Records supplied =
::::

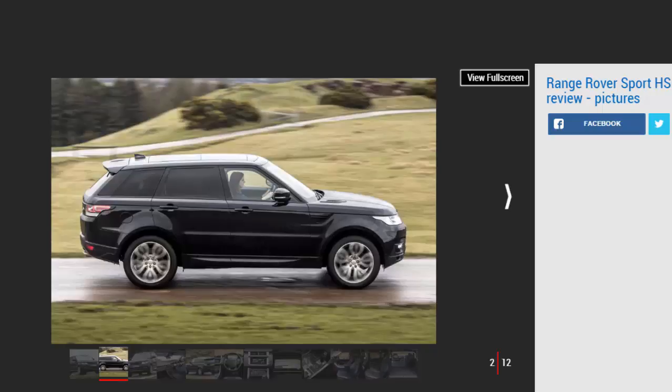We'd stick with a torquey and cheaper to run diesel model instead. A round of updates for the Range Rover Sport has been rolled out for 2017 with a handful of new features, and you can now get a supercharged V6 petrol engine in the car.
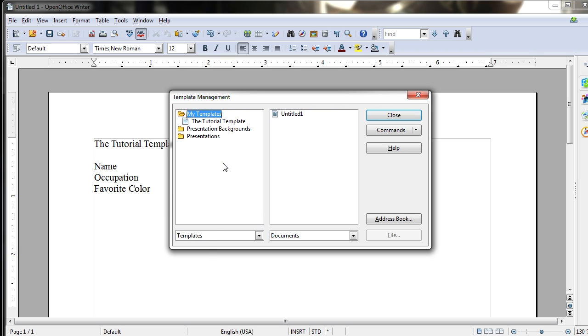Now you should keep in mind that many people have actually submitted their own templates online where you can download and use them freely for any of your own documents, and in many cases, they're actually very good-looking and very usable. You can get extra templates from the OpenOffice website, so go ahead and check it out. I'll have a link to the templates page in the description in case you're interested.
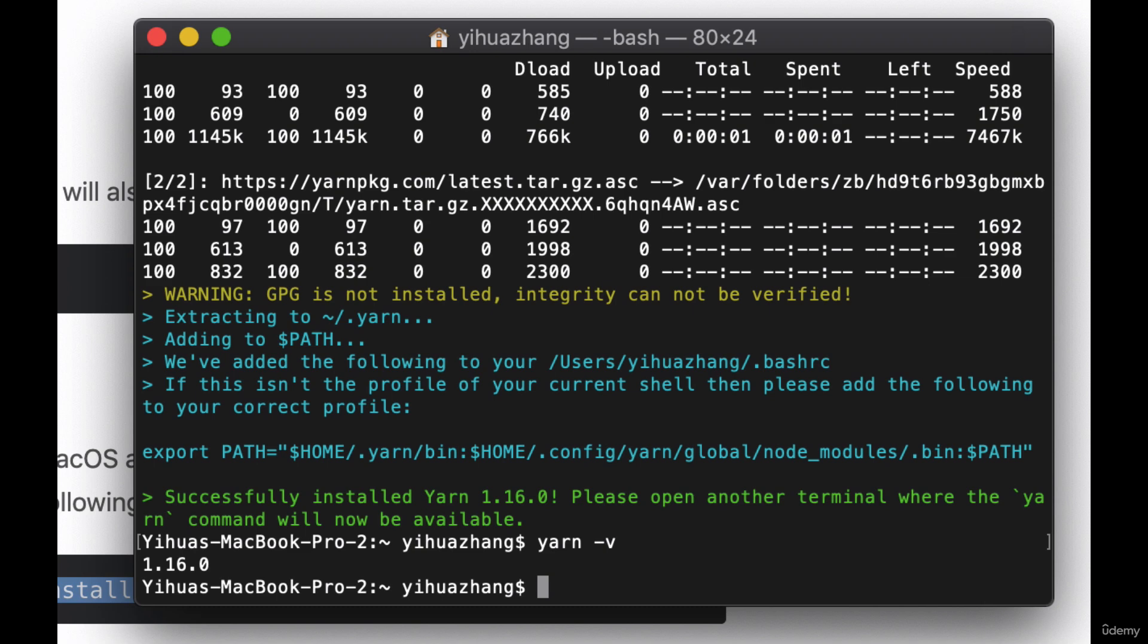Ideally, in one project, however, you should use either one or the other. You should not use both npm and Yarn in the same folder. Now keeping that in mind, you're fully set up to move on with the course. So I'll see you in the next lesson.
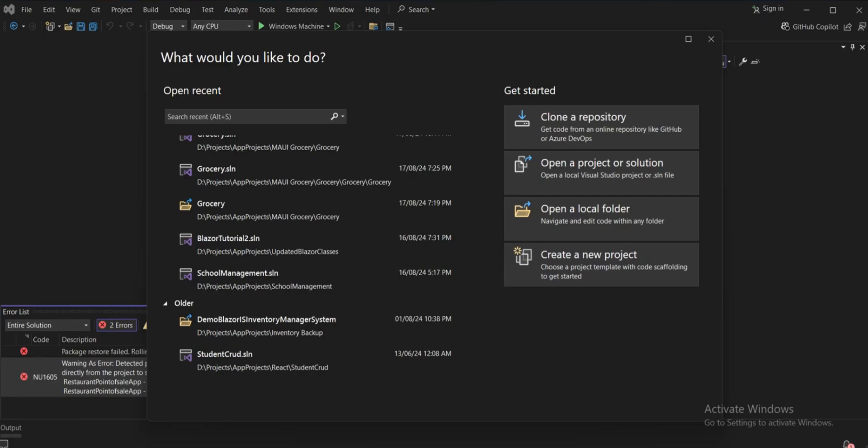Hi everyone, this is Zoi Bali, welcome to my channel LendingEdge Pro. Today we are going to create our point-of-sale application for a restaurant. As you can see, I'm in Visual Studio and I'll create a new project.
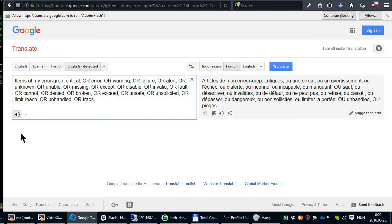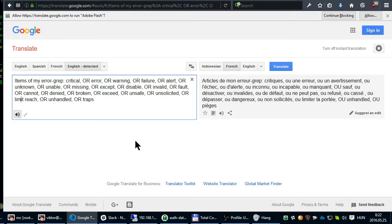Or invalid, or false, or cannot, or denied, or broken, or exceed, or unsafe, or unsolicited, or limit reach, or unhandled, or traps.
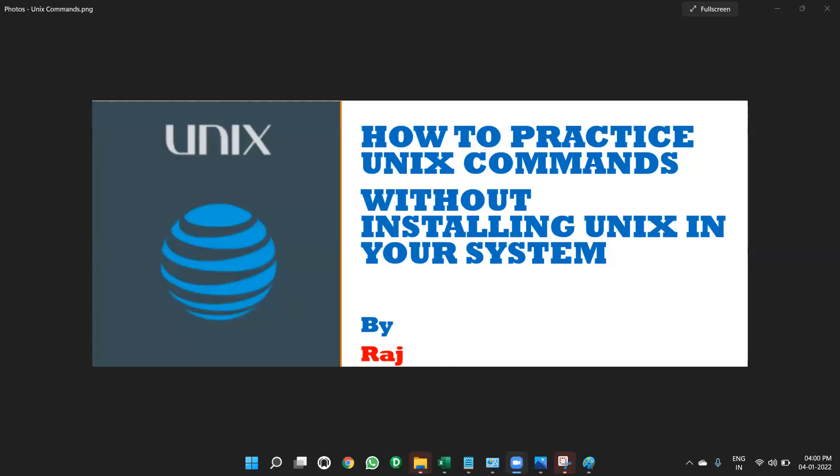Hello all. I will show you today how to practice Unix, how to practice Unix commands without installing Unix in your system.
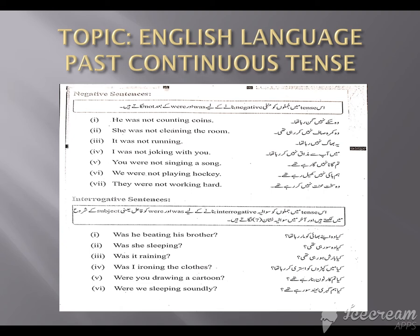Good morning class, how are you all? Hope you all are doing great. What did we do today? We did negative sentences and interrogative sentences. We hope you understood it.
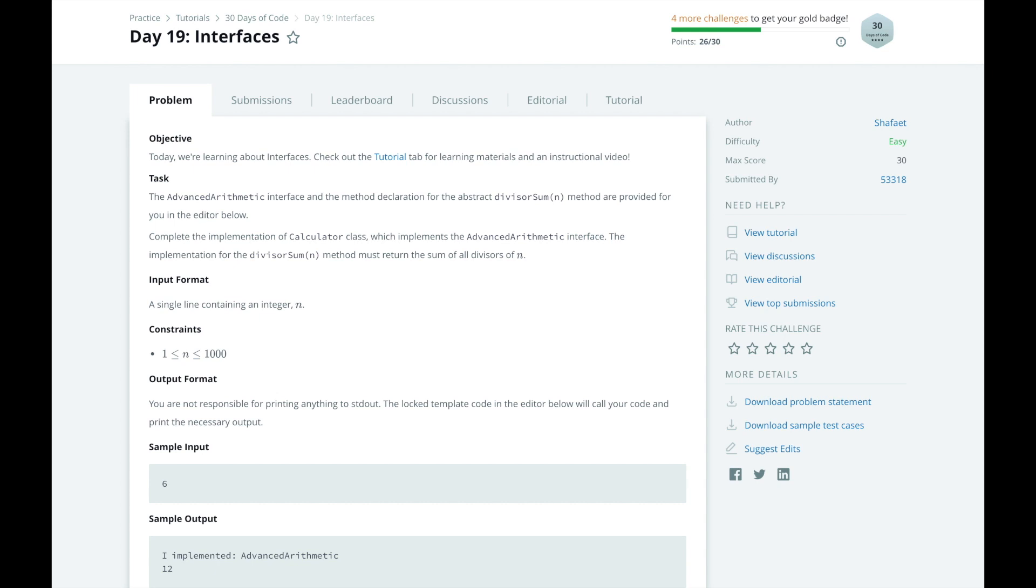Hi, this is Josh from Over the Shoulder Coding, where I help you prepare for software engineering interviews by guiding you through solving real problems.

::::

Work instructions = Output exactly the lines from the first line of the records through the line containing "Hi everyone, this". Leave out every picture.

Reply =
We'd stick with a torquey and cheaper to run diesel model instead. A round of updates for the Range Rover Sport has been rolled out for 2017 with a handful of new features, and you can now get a supercharged V6 petrol engine in the car.
Now you should keep in mind that many people have actually submitted their own templates online where you can download and use them freely for any of your own documents, and in many cases, they're actually very good-looking and very usable. You can get extra templates from the OpenOffice website, so go ahead and check it out. I'll have a link to the templates page in the description in case you're interested.
Ideally, in one project, however, you should use either one or the other. You should not use both npm and Yarn in the same folder. Now keeping that in mind, you're fully set up to move on with the course. So I'll see you in the next lesson.
Hi everyone, this is Zoi Bali, welcome to my channel LendingEdge Pro. Today we are going to create our point-of-sale application for a restaurant. As you can see, I'm in Visual Studio and I'll create a new project.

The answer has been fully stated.